Former Labor Minister Craig Emerson’s  recent opinion piece seeking to blame the Business Council for Australia’s energy woes misses a few key facts – not least of which is the fact that governments, of which he was once a member, and not industry groups, implement public policy.

Verballing our position and re-treading old political battles isn’t an action plan for the future, it’s an indulgence that punishes Australians by continuing the debate that has needlessly stalled progress.  

The answers to Australia’s energy problems aren’t political, they’re about good policy and that starts with clarity and a clear-eyed understanding of what needs to be solved. 

It’s time for some facts.

Firstly, the Business Council and our members want to see action to reduce Australia’s emissions and play our role in reducing the effects of climate change.

To this end, the Business Council has long supported Australia ratifying the Paris agreement, and believes that the National Energy Guarantee is the best option on the table to meet our international obligations while ensuring a reliable and stable electricity system.

Secondly, the Business Council supports a 26-28 per cent economy-wide emissions reduction target and the five year review mechanism.

Those calling for a more ambitious target have missed the simple point that you cannot reach a 45 per cent target without first reaching 26 per cent.

We are on track to meet the 26 per cent target across the National Electricity Market but as Mr Emerson concedes on the current numbers we are unlikely to do so across the broader economy. In fact, we don’t even have a plan to get there.
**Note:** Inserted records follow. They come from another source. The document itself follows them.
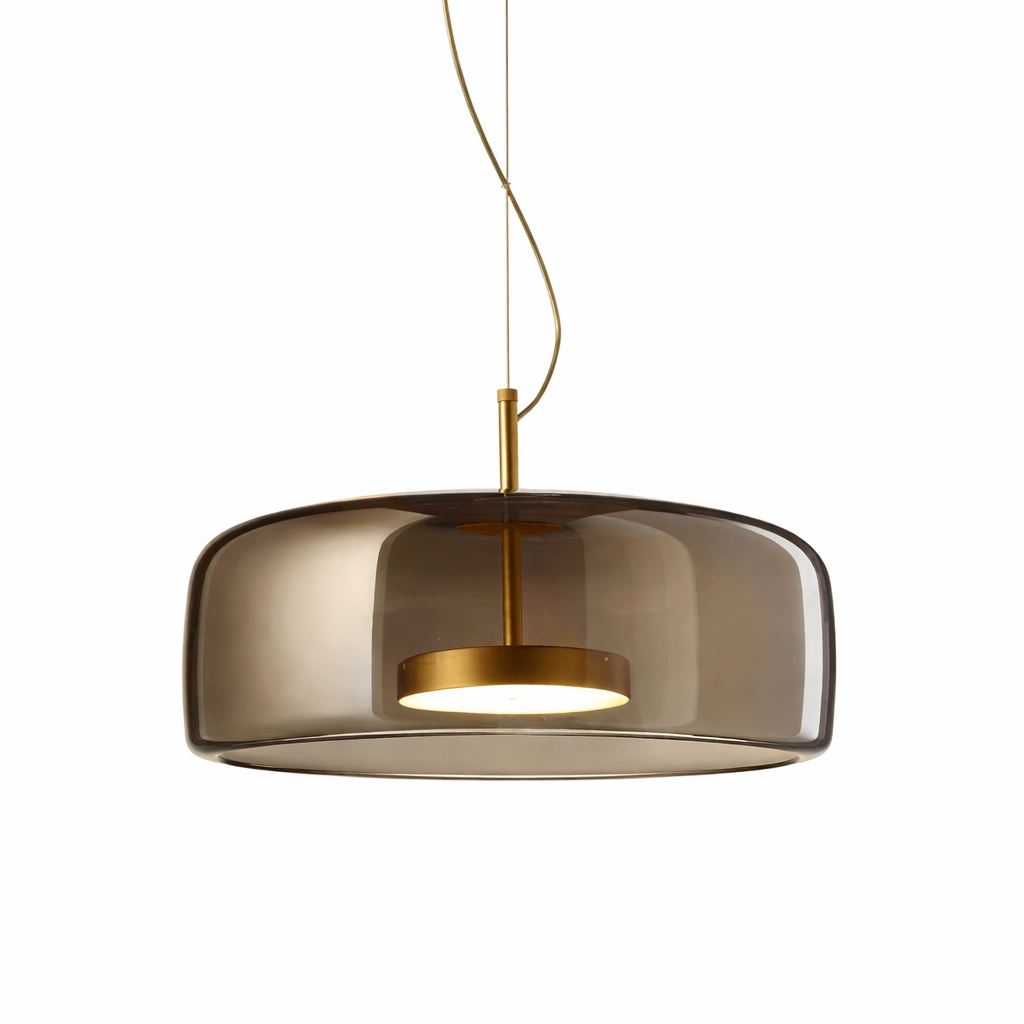 Glass Pendant Lamp With Gold Detail
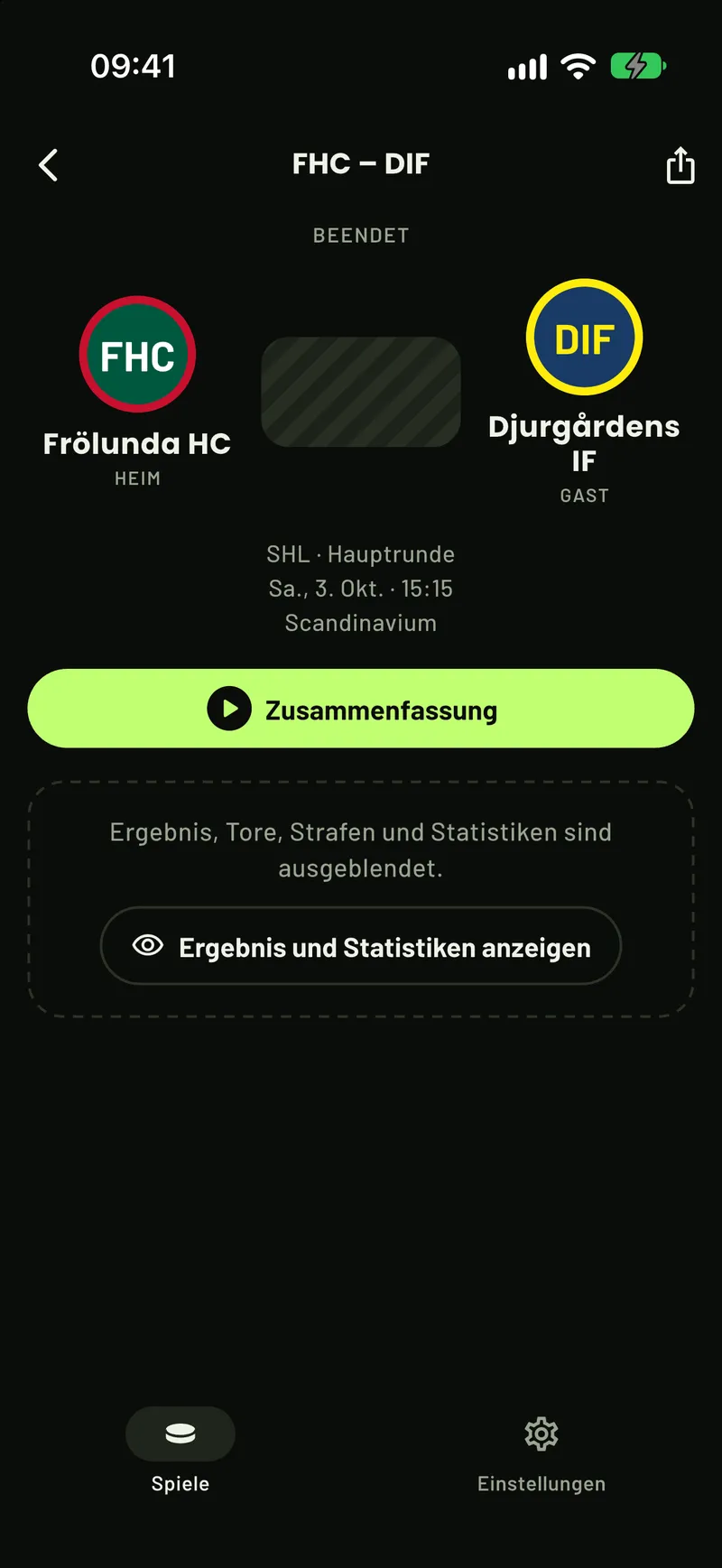 Die Seite eines SHL-Spiels in ScoreCover vor dem Aufdecken: die Schaltfläche für die Zusammenfassung; Ergebnis, Tore und Statistiken sind verborgen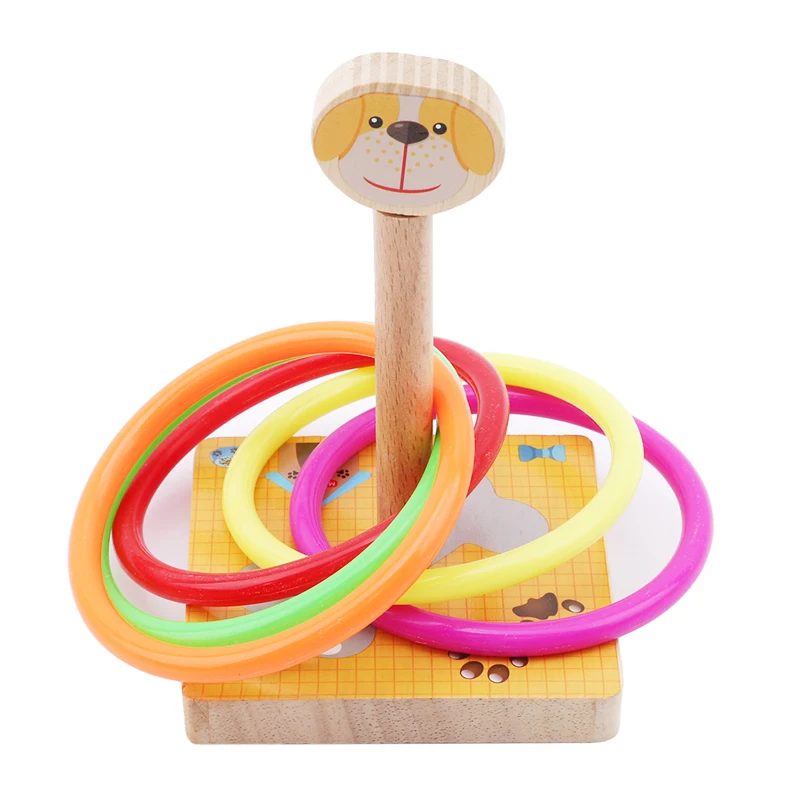 Деревянные игрушки милые животные метательные Кольца Развивающие игрушки для детей 3 лет Brinquedo развивающие игрушки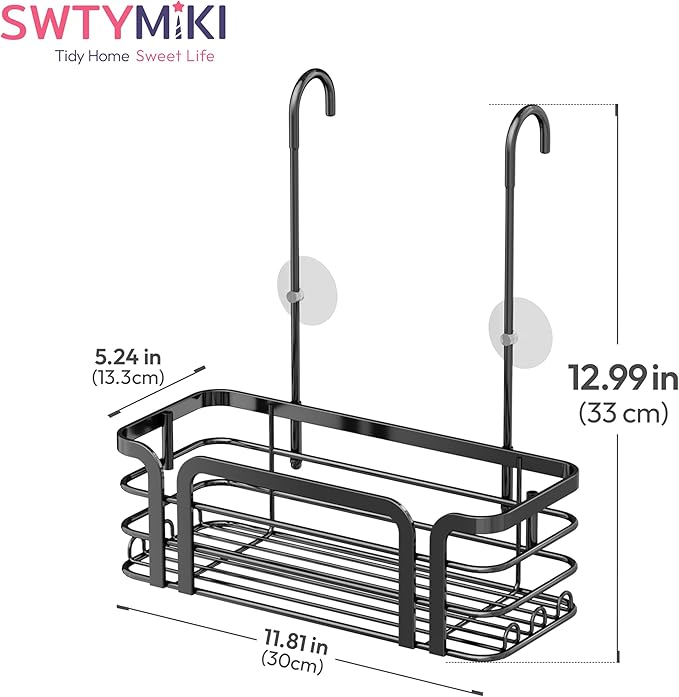 SWTYMIKI Shower Caddy Hanging Organizer - Over the Door Shower Caddy with 6 Hooks, 2 Installation Ways, Stainless Steel Rustproof Bathroom Organizer, Black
Calls to inflate our existing target, when we still have no mechanism in place to achieve it are putting the cart before the horse. Let’s get the policy right and then have a sensible debate about target trajectories.

Finally, while the impact of a 26 to 28 per cent target has been modelled and investigated, the exhaustive and detailed work simply hasn’t been done on higher targets. This is a sensible starting point, why not get the settings right to meet our obligations and then have a discussion about increasing the target? 

It is only prudent to first consider the impact a higher target will have on the economy, the policies needed to deliver this abatement, how emissions intensive-trade exposed industries will be treated, the technologies available and the availability and price of international permits. 

There will always be a cost to reducing emissions. Politicians and commentators pretending this isn’t the case are in large part responsible for our current mess.

Australians should not have to pay the price through a continuation of high electricity bills, or lower living standards or fewer jobs. Proposing a 45 per cent emission target, with no modelling, before we’re even reached a 26 per cent target would be risking just that.

The Business Council has a clear position, we need a workable plan for Australia to achieve the target it has already set.

If insanity is doing the same thing over and over again but expecting different results, there is hardly a better description of our  debate on energy and climate policy over recent years.

Continuing the political fights of the last decade might make some feel better about their political legacies, but it won’t deliver the lower energy prices that Australian families, pensioners and businesses deserve or the real action on emissions that Australians are demanding.